“What, Me Worry?”
I’m a kid of the MAD Magazine era, where their mascot, Alfred E. Newman, was famous for saying this line… “What, me worry?” Of course, in many cases, it was the punchline of the joke and it conveyed the he ought to have been worrying about the state of affairs around him. That, of course, was the sarcastic humor of the magazine that appealed to me during my pre-teen and early teenage years.

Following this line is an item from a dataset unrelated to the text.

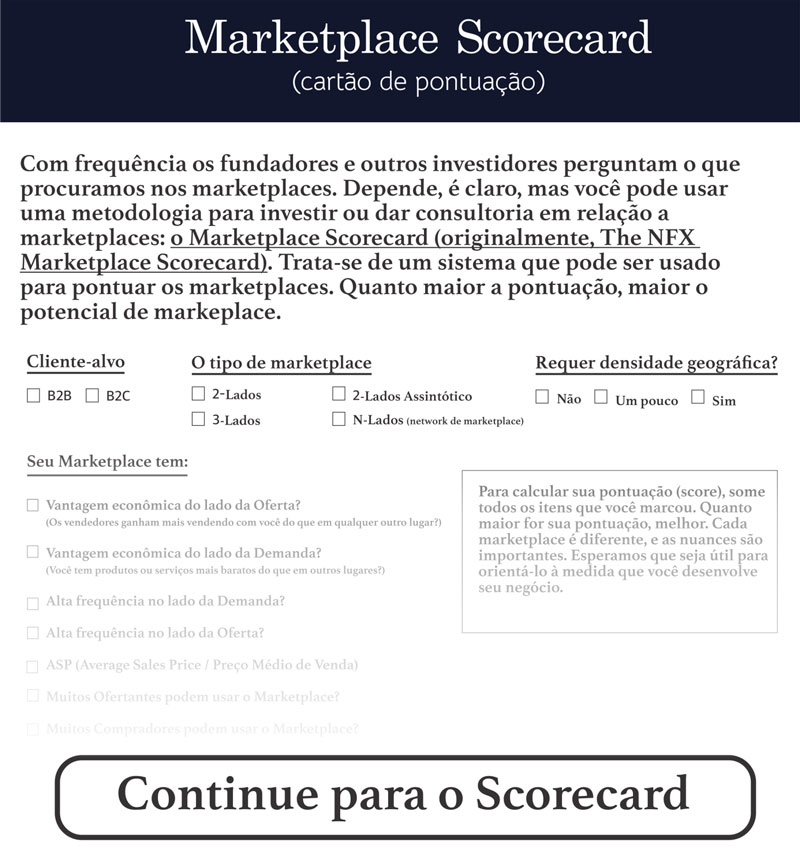 Marketplace Scorecard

Sarcastic humor aside, the statement about not worrying has stuck with me over the years and is frankly quite Biblical for the Christian. Jesus says that we are not to be anxious because our Father in Heaven knows our needs and will provide them…instead of expending energy worrying about this, that, or the other thing, we should pursue building Christ’s kingdom with all our strength. God will make provision for us (Luke 12:22-24).
The implication here is that the only ones who really have a license to worry are unbelievers. These pagans bow down to gods that cannot answer prayers and cannot provide for their needs…they are deaf and dumb and motionless, the creation of the hands of men (Psalm 115:4-8).

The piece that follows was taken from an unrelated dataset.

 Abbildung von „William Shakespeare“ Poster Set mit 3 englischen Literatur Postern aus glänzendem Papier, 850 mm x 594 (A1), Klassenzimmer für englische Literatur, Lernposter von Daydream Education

The question that the Christian really needs to ask is, just how extensive God’s design is for his people. Is God in control of the big things that happen but leaves the small things in our own hands or does God sovereignly ordain all things that come to pass, both great and small. To this, Jesus takes one of the most insignificant things that can be mentioned and instructs his disciples that God cares for us so greatly that he even has numbered the hairs on our head (Matthew 10:30; Luke 12:7) and he goes as far as to assure the disciples that during times of persecution, not a hair on their head will perish apart from God’s design (Luke 21:18) — a promise that the Apostle Paul even extends to those on the ship with him prior to their shipwreck on Malta (Acts 27:34).
One of my professors in seminary used to say that not one hair fell from his head “without the parachute of providence,” and indeed, this is the idea that the Bible communicates to us. The Heidelberg Catechism words it this way: “He also preserves me in such a way that not a hair can fall from my head without the will of my Father in heaven…” In other words, if we take our Bible’s seriously, recognizing that we are in our Father’s divine hand, then ought we not say, with Alfred E. Newman, “What, me worry?” Our God not only ordains the end, but the means by which he brings about the end…and in that wonderful truth there is great hope because I, in my fallenness, will not confound the plans that God has for me…instead, God ordains and uses even my own sin and foibles to bring about his will and to conform me into the image of his Son. In a world where assurances are often fleeting, this is one iron-clad promise in which we can truly rest and hope.